Species of flowering plant

Rumex hydrolapathum, the great water dock, water dock, or giant water dock, is a species of perennial herbaceous plants in the genus Rumex native to fens and freshwater banks of Europe and Western Asia. It is the tallest species in the genus, with flowering stems attaining a height of up to 2 m. It is one of the small number of decaploid organisms, containing two hundred individual chromosomes.

==Description==
Great water dock is a tall perennial plant reaching a height of 2 m. During its first year it has a rosette of long-stalked, hairless leaves with lanceolate leaf blades up to 80 cm in length. These have smooth margins and are generally unwrinkled. These leaves are large and taper at both ends, and their lateral veins are at right angles to the midrib. In subsequent years it produces an upright flowering stem, unbranched until the base of the inflorescence. The stem is tough, grooved, green when young but turning reddish with age. Leaves growing on the stem are alternate, arching and decreasing in size higher up the stem. The inflorescence is a compound raceme. The numerous small flowers are regular, with the perianth segments in two whorls of three, the outer whorl spreading and the inner one covering the developing fruits. There are six stamens, three fused carpels and three styles. The fruit is a triangular–ovate achene, at first green then brown. This plant flowers from June to September.

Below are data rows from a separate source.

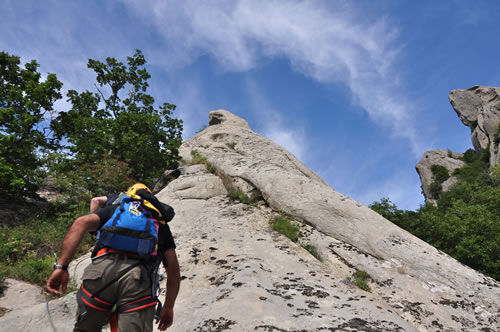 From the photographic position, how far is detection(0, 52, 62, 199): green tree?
1354 cm

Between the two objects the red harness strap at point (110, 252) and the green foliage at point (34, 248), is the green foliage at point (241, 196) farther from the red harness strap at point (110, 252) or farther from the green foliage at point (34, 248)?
the red harness strap at point (110, 252)

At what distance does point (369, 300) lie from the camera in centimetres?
498

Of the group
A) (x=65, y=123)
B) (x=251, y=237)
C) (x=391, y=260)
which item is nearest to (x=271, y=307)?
(x=251, y=237)

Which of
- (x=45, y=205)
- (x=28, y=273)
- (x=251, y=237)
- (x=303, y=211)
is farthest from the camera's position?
(x=45, y=205)

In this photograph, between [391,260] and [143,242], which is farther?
[391,260]

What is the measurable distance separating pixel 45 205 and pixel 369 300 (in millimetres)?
17085

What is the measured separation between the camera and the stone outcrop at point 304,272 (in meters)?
4.05

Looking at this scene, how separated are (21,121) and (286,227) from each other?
14.9m

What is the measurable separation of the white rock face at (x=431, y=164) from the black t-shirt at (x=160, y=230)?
67871 mm

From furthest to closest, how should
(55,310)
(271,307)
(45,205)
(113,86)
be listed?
(113,86), (45,205), (55,310), (271,307)

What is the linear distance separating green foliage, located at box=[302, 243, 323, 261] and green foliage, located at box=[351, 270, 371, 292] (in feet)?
2.91

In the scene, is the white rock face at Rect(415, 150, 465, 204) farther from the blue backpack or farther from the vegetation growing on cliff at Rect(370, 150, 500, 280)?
the blue backpack

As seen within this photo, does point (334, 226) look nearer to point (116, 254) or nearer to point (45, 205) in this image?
point (116, 254)

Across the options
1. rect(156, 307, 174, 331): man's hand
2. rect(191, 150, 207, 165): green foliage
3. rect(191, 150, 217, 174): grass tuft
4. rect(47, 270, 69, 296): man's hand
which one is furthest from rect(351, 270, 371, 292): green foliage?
rect(191, 150, 207, 165): green foliage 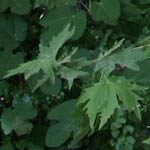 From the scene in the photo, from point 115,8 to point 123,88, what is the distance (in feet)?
2.35

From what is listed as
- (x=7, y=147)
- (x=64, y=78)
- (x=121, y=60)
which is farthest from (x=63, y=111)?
(x=121, y=60)

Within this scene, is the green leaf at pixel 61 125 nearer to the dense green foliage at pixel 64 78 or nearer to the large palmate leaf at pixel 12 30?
the dense green foliage at pixel 64 78

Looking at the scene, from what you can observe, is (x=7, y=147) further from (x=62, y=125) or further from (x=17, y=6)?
(x=17, y=6)

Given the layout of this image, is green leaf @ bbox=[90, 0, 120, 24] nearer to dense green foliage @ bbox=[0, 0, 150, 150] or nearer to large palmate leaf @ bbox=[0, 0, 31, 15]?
dense green foliage @ bbox=[0, 0, 150, 150]

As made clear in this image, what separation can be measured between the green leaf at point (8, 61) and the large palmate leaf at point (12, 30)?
7 cm

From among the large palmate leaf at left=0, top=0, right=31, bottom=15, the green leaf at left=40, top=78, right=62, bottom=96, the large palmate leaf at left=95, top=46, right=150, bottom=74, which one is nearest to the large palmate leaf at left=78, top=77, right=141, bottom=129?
the large palmate leaf at left=95, top=46, right=150, bottom=74

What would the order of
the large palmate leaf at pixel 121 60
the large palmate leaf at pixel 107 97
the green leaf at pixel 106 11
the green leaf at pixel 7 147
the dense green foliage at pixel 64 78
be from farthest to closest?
the green leaf at pixel 7 147 → the green leaf at pixel 106 11 → the dense green foliage at pixel 64 78 → the large palmate leaf at pixel 121 60 → the large palmate leaf at pixel 107 97

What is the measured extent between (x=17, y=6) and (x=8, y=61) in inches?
10.3

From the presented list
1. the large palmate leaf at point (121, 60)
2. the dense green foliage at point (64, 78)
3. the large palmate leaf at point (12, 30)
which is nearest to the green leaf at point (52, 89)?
the dense green foliage at point (64, 78)

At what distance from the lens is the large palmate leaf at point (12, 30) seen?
6.48ft

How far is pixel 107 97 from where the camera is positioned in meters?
1.11

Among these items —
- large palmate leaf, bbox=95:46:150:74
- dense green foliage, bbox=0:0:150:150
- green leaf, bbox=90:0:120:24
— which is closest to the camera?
large palmate leaf, bbox=95:46:150:74

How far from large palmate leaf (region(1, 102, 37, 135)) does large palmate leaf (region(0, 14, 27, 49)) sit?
31 centimetres

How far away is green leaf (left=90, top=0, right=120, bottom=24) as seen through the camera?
1776mm
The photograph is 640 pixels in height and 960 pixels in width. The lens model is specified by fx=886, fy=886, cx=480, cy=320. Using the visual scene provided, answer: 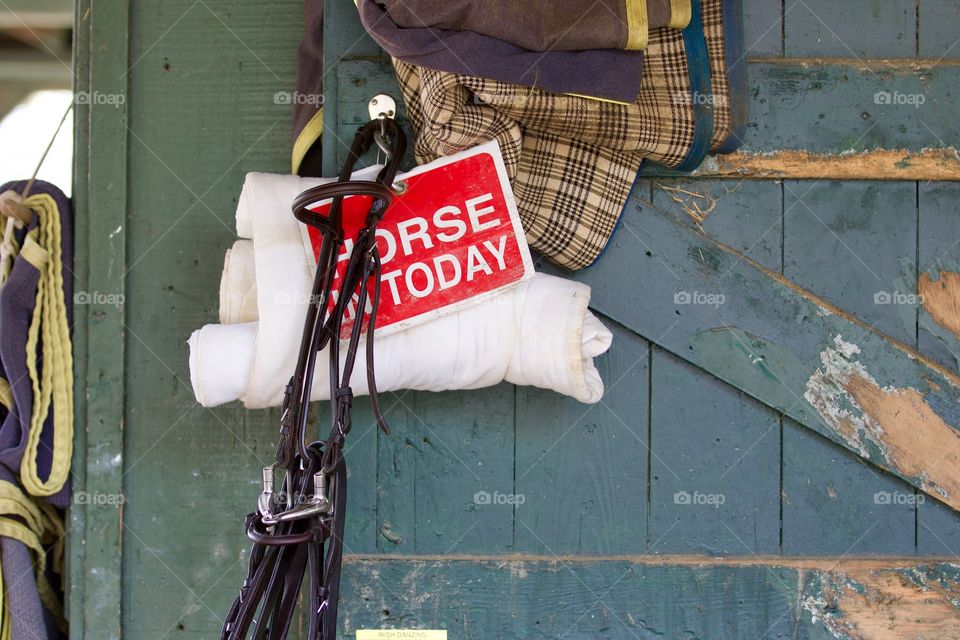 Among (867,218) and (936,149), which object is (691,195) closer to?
(867,218)

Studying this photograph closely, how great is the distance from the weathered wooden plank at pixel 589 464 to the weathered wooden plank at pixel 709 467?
28mm

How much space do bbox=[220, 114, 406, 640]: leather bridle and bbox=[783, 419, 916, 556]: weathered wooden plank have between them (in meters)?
0.73

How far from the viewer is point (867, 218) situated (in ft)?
4.92

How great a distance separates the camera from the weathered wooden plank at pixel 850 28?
1.50 m

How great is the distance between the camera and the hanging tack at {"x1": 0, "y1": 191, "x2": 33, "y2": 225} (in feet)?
5.62

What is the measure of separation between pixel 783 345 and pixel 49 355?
1.36 meters

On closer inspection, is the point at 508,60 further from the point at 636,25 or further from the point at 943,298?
the point at 943,298

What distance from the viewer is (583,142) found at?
142 cm

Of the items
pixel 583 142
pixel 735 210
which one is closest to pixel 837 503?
pixel 735 210

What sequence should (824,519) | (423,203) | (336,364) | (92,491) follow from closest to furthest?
(336,364) → (423,203) → (824,519) → (92,491)

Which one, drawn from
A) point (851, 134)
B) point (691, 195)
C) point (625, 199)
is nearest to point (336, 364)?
point (625, 199)

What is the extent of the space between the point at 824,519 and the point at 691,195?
59cm

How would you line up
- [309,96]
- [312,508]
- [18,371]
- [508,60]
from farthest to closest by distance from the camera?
[18,371], [309,96], [508,60], [312,508]

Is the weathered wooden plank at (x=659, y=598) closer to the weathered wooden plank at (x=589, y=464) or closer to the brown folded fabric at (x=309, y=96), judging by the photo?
the weathered wooden plank at (x=589, y=464) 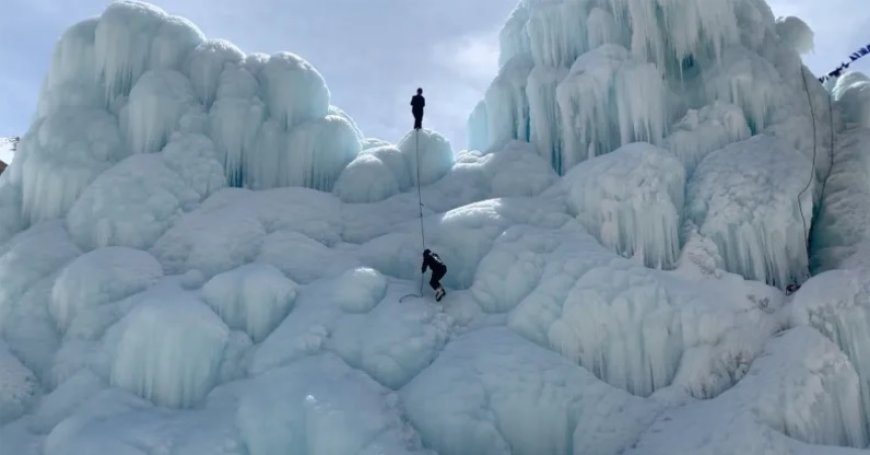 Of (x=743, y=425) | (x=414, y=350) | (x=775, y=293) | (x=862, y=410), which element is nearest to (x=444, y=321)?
(x=414, y=350)

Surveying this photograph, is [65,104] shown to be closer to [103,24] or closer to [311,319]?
[103,24]

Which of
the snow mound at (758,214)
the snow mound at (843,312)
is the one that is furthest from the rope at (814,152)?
the snow mound at (843,312)

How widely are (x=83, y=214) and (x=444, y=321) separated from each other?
7.17m

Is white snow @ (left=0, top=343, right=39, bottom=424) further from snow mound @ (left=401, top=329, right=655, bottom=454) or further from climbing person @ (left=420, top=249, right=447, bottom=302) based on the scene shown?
climbing person @ (left=420, top=249, right=447, bottom=302)

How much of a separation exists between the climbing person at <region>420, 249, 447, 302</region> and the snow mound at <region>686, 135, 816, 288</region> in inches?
183

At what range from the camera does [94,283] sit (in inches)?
461

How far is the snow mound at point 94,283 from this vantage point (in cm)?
1169

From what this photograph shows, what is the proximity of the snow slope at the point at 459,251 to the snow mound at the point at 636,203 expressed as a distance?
2.0 inches

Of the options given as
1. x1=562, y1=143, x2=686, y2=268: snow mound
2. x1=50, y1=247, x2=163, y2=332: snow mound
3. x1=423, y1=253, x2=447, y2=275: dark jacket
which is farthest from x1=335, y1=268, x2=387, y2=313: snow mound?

==Distribution and habitat==
The great water dock is a native of Europe and western Asia. It grows beside lakes and rivers and the sea. It is usually close to the margin of the water line or growing in shallow water.
Its distribution affects the distribution of the large copper butterfly. When the Norfolk fens were drained in the 19th century the loss of the great water dock led to the local extinction of the large copper.